Le covoiturage : transformer l’intention en pratique
Un autre groupe s’est penché sur le covoiturage, souvent plébiscité en théorie mais peu utilisé dans les faits. Les solutions avancées sont pragmatiques : places de parking réservées aux covoitureurs, cartographie interne des trajets, communication régulière, moments conviviaux pour favoriser la mise en relation. « Quand on matérialise des places dédiées, cela confère un avantage visible à ceux qui adoptent une bonne pratique et montre clairement que l’entreprise soutient ce mode de transport », souligne le collectif.
Un cheminement collectif et progressif
Au-delà des freins spécifiques, les groupes ont insisté sur l’importance d’avancer pas à pas : sensibiliser, tester, ajuster, communiquer, ritualiser. « Une démarche de mobilité durable, c’est d’abord une dynamique collective », résume Mathilde Casier.
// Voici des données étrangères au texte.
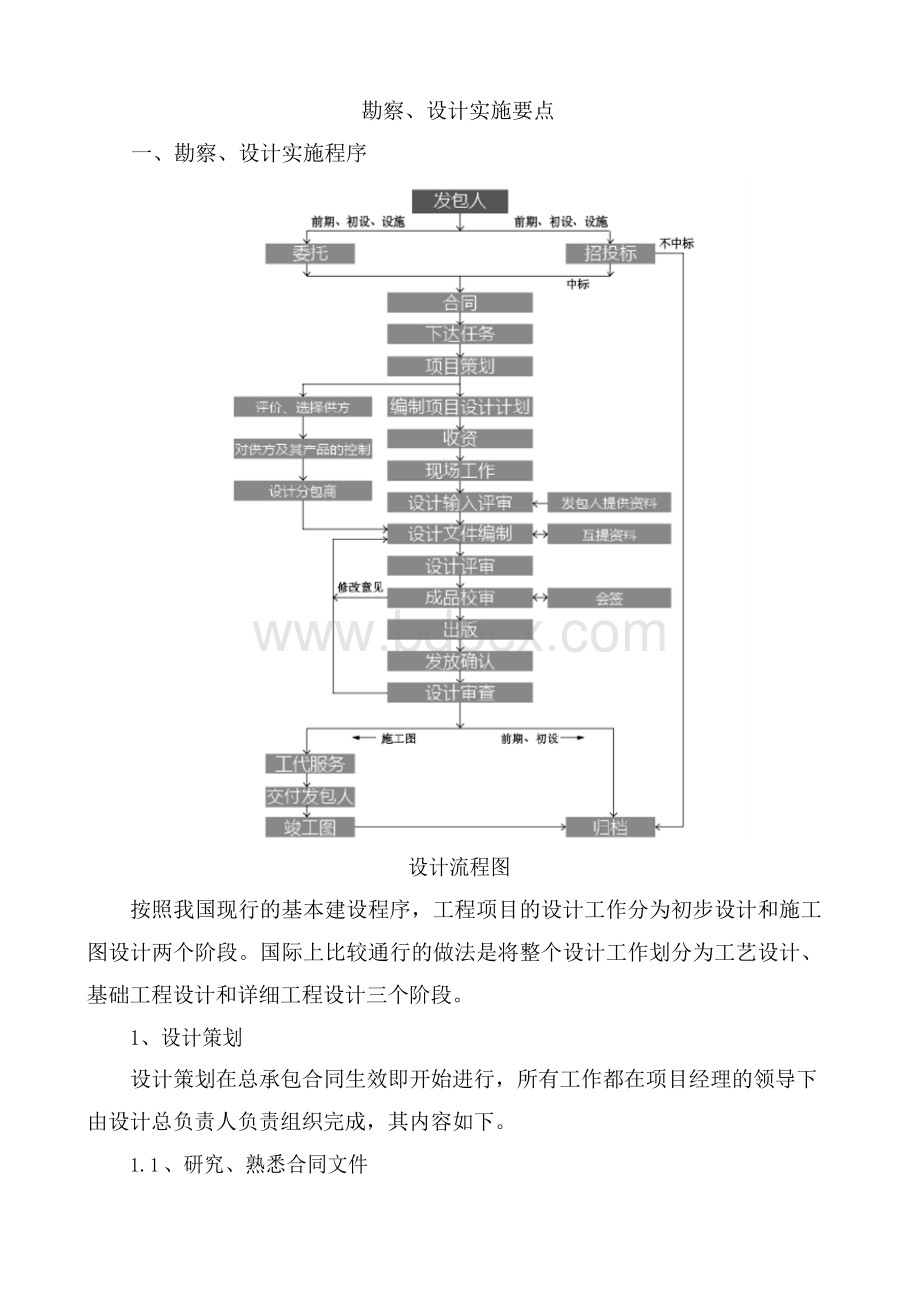 EPC项目勘察、设计实施要点.docx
Une vision partagée par Éric Valengin (AG2R La Mondiale) et Julien Castelin (Junia), tous deux venus présenter des démarches engagées et structurées.
AG2R La Mondiale : vingt ans d’avancées concrètes
Chez AG2R La Mondiale, la mobilité durable n’est pas un « sujet de mode ». Elle fait partie de l’histoire de l’entreprise, comme le rappelle Éric Valengin, relais Mobilité. « Au départ, c’était très concret : nous avions un problème de parking et des tensions avec le voisinage. Il fallait trouver des solutions. Puis, petit à petit, le sujet s’est élargi et s’est intégré à nos engagements environnementaux. » Dès 2004, l’entreprise adopte un Plan de Déplacement Entreprise. Premier bilan carbone en 2012, premières expérimentations de covoiturage en 2015, puis déploiement de l’application Karos en 2025 : un chemin construit patiemment. Aujourd’hui, les équipements sont nombreux au sein de l’entreprise : bornes de recharge électrique, 92 places de stationnement vélo, totem de réparation, douches et vestiaires... Les collaborateurs sont régulièrement formés à l’écoconduite, et le télétravail, lancé bien avant la crise sanitaire, est désormais ancré. L’entreprise mise aussi sur la dynamique collective : actions lors de la Semaine du Développement Durable, ateliers découverte, tests de vélos ou de trottinettes… L’obtention récente de la médaille d’argent du Label Employeur Pro-Vélo témoigne des efforts déployés. « Nous avons aujourd’hui une belle communauté de vélotaffeurs », sourit Éric Valengin. « 87 personnes qui se motivent mutuellement, partagent des conseils. C’est devenu une vraie culture interne. »

Junia : la force du collectif et du ludique
Installée en plein cœur de Lille, Junia bénéficie d’un environnement propice : métro, bus, stations V’Lille, pistes cyclables. Mais cela ne suffit pas : « Ce n’est pas parce qu’une offre existe que les gens l’utilisent », rappelle Julien Castelin, responsable de formation et référent mobilités. « Il faut accompagner, expliquer, tester, et surtout donner envie ! ». Depuis dix ans, l’établissement déploie une politique RSE ambitieuse. Pour faire bouger les lignes en matière de mobilité, Junia a misé sur une approche ludique et collective. Depuis plus de dix ans, l’école participe aux challenges, organise des ateliers de réparation, propose des sorties à vélo, forme à la sécurité routière et anime une communauté très active. « On ne sous-estime jamais le pouvoir des récompenses », confie Julien Castelin. « Offrir un vélo lors d’un moment convivial pour la participation à un défi, ça marque les esprits. L’année suivante, tout le monde veut participer ! » La communication joue aussi un rôle clé pour entretenir la motivation. Les infrastructures suivent : mutualisation du parking, flotte de véhicules hybrides et électriques, vélo cargo de service et deux jours de télétravail encadrés. « Pour moi, l’élément essentiel reste le rôle de référent mobilité », insiste Julien. « Les collaborateurs savent qu’ils peuvent venir poser leurs questions. Cela crée un lien et une vraie dynamique interne. »
Et maintenant ? Transformer l’élan en action
À la fin de la session, plusieurs participants confiaient repartir « inspirés », voire « pressés de tester des choses ». Ce n’est pas un hasard : lorsqu’on met à plat les freins et qu’on partage les expériences, on se rend compte que les actions les plus efficaces sont souvent accessibles, légères, progressives. Des établissements comme AG2R La Mondiale ou Junia montrent que l’on peut avancer… pour peu que l’on commence quelque part, et que l’on cultive un élan collectif.